De huurprijzen stijgen in rap tempo, een koophuis raakt voor starters zonder vermogende ouders steeds verder uit zicht en ondertussen wordt er te weinig gebouwd. Er is een wooncrisis. Hoe kon het zo ver komen? En is er een weg uit deze crisis?
Leestijd 3 minuten — Wo 7 februari 2024
Science Café Utrecht

Hoe kan het toch dat we in ons welvarende Nederland een wooncrisis hebben? We hebben als land een expertise in stedenbouw en volkshuisvesting, en arm is Nederland ook niet. Toch is er een schrijnend tekort aan betaalbare koop- en huurwoningen. Wat is er aan de hand? Samen met econoom drs. Rens van Tilburg (UU), volkshuisvestingdeskundige prof. Marja Elsinga (TU Delft) en sociaal geograaf dr. Wouter van Gent (UvA) gingen we hierover in gesprek. En, misschien wel belangrijker, onderzochten we wat de oplossingen zouden kunnen zijn.

De woningmarkt als vrije markt

In 1989 kwam het ministerie van Volkshuisvesting, Ruimtelijke Ordening en Milieubeheer met een rapport genaamd ‘Ontwerp nota volkshuisvesting in de jaren negentig’. Een omslag in ons woningbeleid, vertelt Elsinga: “Dit was het begin van de ambitie om de woningmarkt te verbeteren en het startpunt voor allerlei maatregelen voor verzelfstandiging en deregulering.” Het idee hierachter was dat een optimale markt optimale welvaart zou opleveren, maar daar is weinig van terecht gekomen. "De woningmarkt is namelijk geen perfecte markt. Er is niet een keuze om uit de markt te stappen als deze ongunstig is voor jou. Iedereen heeft een huis nodig,” benadrukt Elsinga.

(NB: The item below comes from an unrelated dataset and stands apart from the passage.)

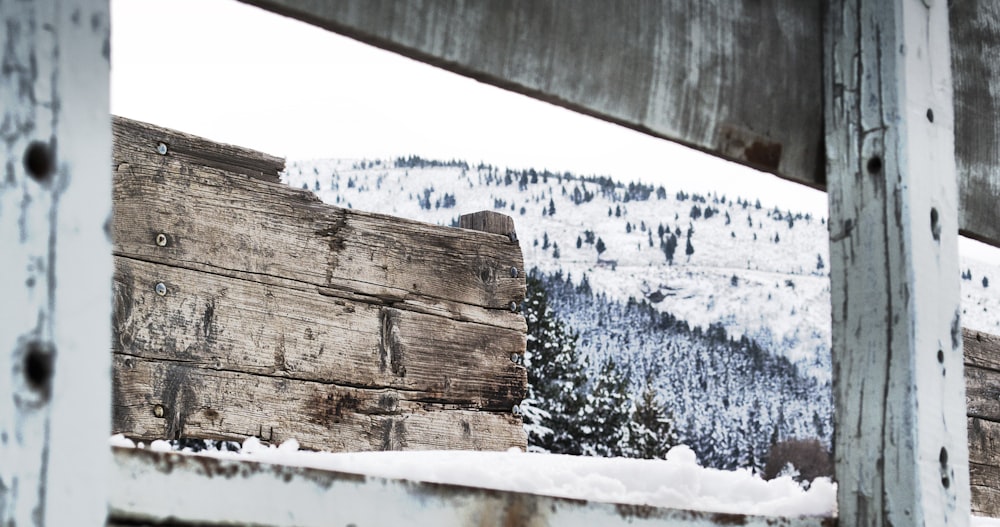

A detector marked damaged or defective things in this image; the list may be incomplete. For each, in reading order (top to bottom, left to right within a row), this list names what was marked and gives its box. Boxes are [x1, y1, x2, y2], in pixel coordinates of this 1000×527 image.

peeling paint on wood [0, 0, 112, 524]
peeling paint on wood [107, 448, 836, 527]
peeling paint on wood [824, 2, 972, 524]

Sterker nog, veel van deze maatregelen hebben juist gezorgd voor de huidige problemen. Sociale huurwoningen werden opgekocht en te huur aangeboden in de vrije sector, waar beleggers snel aan konden verdienen. "In dezelfde jaren dat de minister voor Wonen Stef Blok buitenlandse beleggers naar de Nederlandse woningmarkt trok, was er namelijk ook een mogelijkheid om hogere huren te vragen in het middensegment," onderstreept Van Tilburg. Daarnaast werd de concurrentie bij koopwoningen groter wat de prijzen opdreef. Dit is ten koste gegaan van starters en huurders. “Het was een misverstand om de markt open te stellen voor mensen die gericht zijn op hoge winst en korte termijn,” aldus Elsinga.

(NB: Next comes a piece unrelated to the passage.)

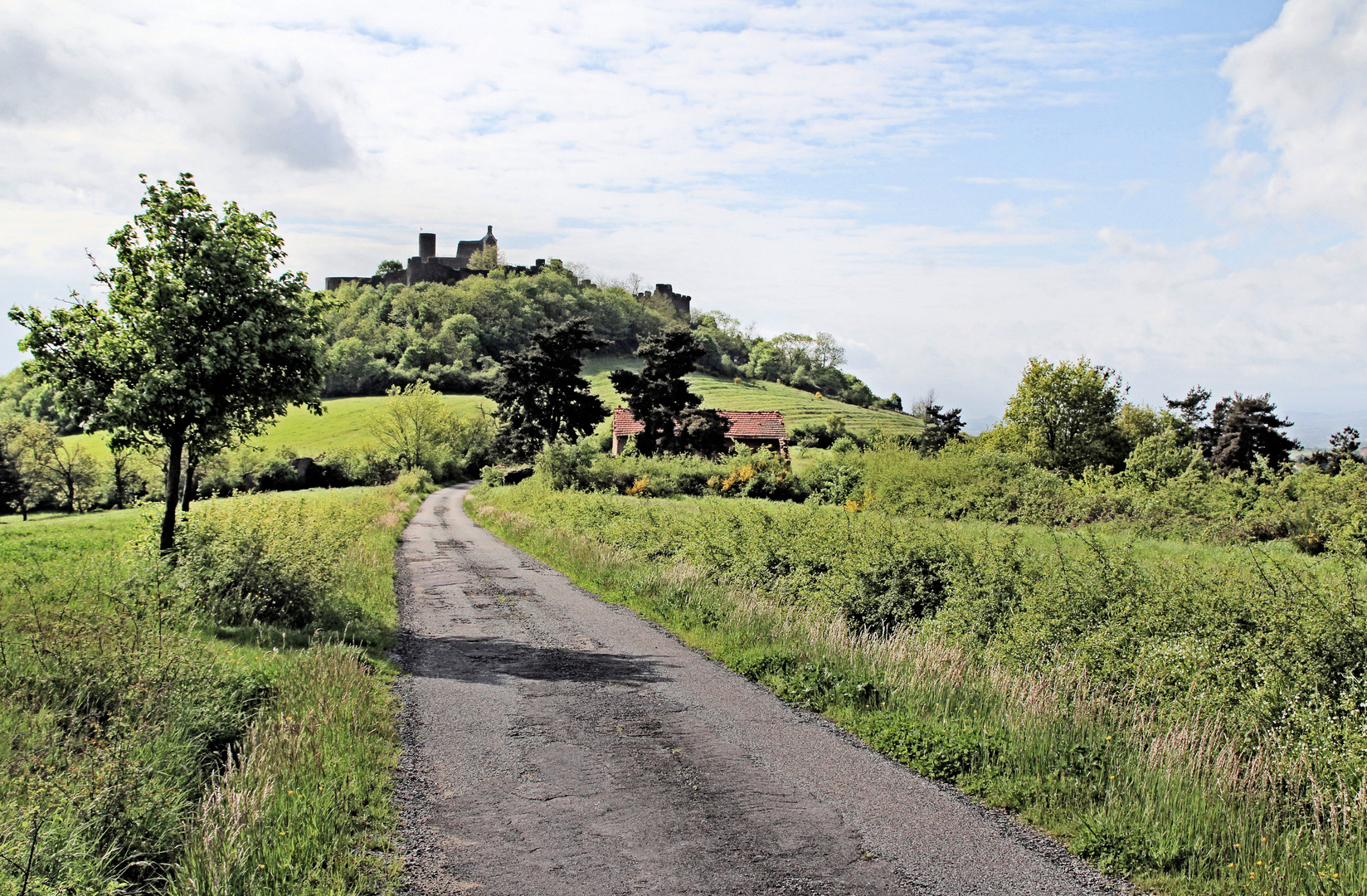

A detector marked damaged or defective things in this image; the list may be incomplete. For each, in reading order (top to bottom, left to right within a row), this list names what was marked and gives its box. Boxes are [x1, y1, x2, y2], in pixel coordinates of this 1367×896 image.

cracked road surface [396, 486, 1121, 892]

Bron: IBO Vermogensverdeling

Groeiende ongelijkheid

Het gevolg is een grote mate van ongelijkheid in de samenleving tussen mensen die een koopwoning bezitten en mensen genoodzaakt zijn te huren. “De woningmarkt is een soort motor van ongelijkheid,” onderstreept Van Gent. Als je uit een welgestelde familie komt, kan die je helpen met een huis kopen en bouw je weer vermogen op. Mensen die deze hulp niet hebben en moeten huren, kunnen geen vermogen opbouwen. 

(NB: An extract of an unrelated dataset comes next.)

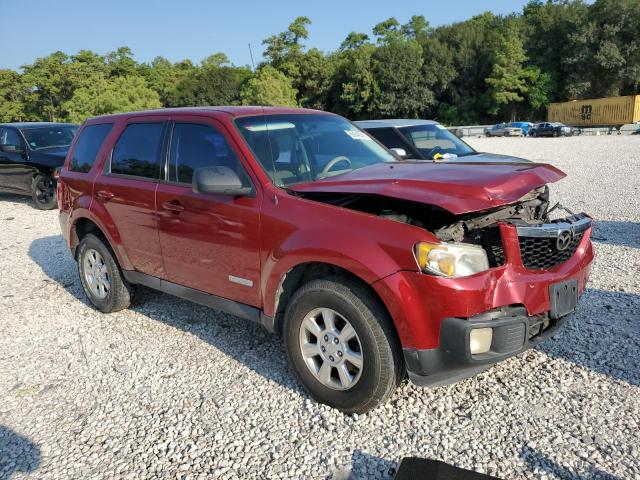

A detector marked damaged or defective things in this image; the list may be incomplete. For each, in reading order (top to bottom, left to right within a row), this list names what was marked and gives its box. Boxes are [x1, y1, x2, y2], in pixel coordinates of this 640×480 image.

crumpled hood [292, 161, 564, 214]
damaged front grille opening [296, 186, 584, 272]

Van Gent voegt toe: “De betaalbaarheidskwestie, zowel binnen de koop als binnen de huur, betekent dat bepaalde mensen zich op bepaalde plekken kunnen inkopen. En dan heb je het over segregatie.” Mensen die het financieel lastiger hebben, worden uit de stad geduwd. Zij moeten dan verder reizen voor school, werk en bijvoorbeeld familie en vrienden, terwijl de rijkeren tijd en geld besparen en hun sociale netwerk kunnen behouden. 

Politieke druk en optimisme

Is er dan nog een weg uit deze benarde situatie? De experts komen toch weer bij de overheid uit. Het is gebleken dat het vrijlaten van de woningmarkt niet werkt. Het is geen optimale markt, dus een gepaste rol voor de overheid is nodig om iedereen een betaalbare koop- of huurwoning te kunnen bieden.

Van Tilburg is optimistisch. Na de woonprotesten in 2021 kwam het kabinet met nieuwe maatregelen. Zo is de hypotheekrenteaftrek aangepakt, de jubelton niet langer onbelast, is de verhuurdersheffing afgelast en wordt de middenhuur gereguleerd. "Dat is slechts het begin, het is nu tijd om door te zetten", aldus Van Tilburg. Veel partijen hebben wonen als grondrecht op het programma staan, maar uit de onderhandelingen is nog niets specifiek over de woningmarkt naar buiten gekomen. "Daar is politieke druk voor nodig," beaamt Van Gent.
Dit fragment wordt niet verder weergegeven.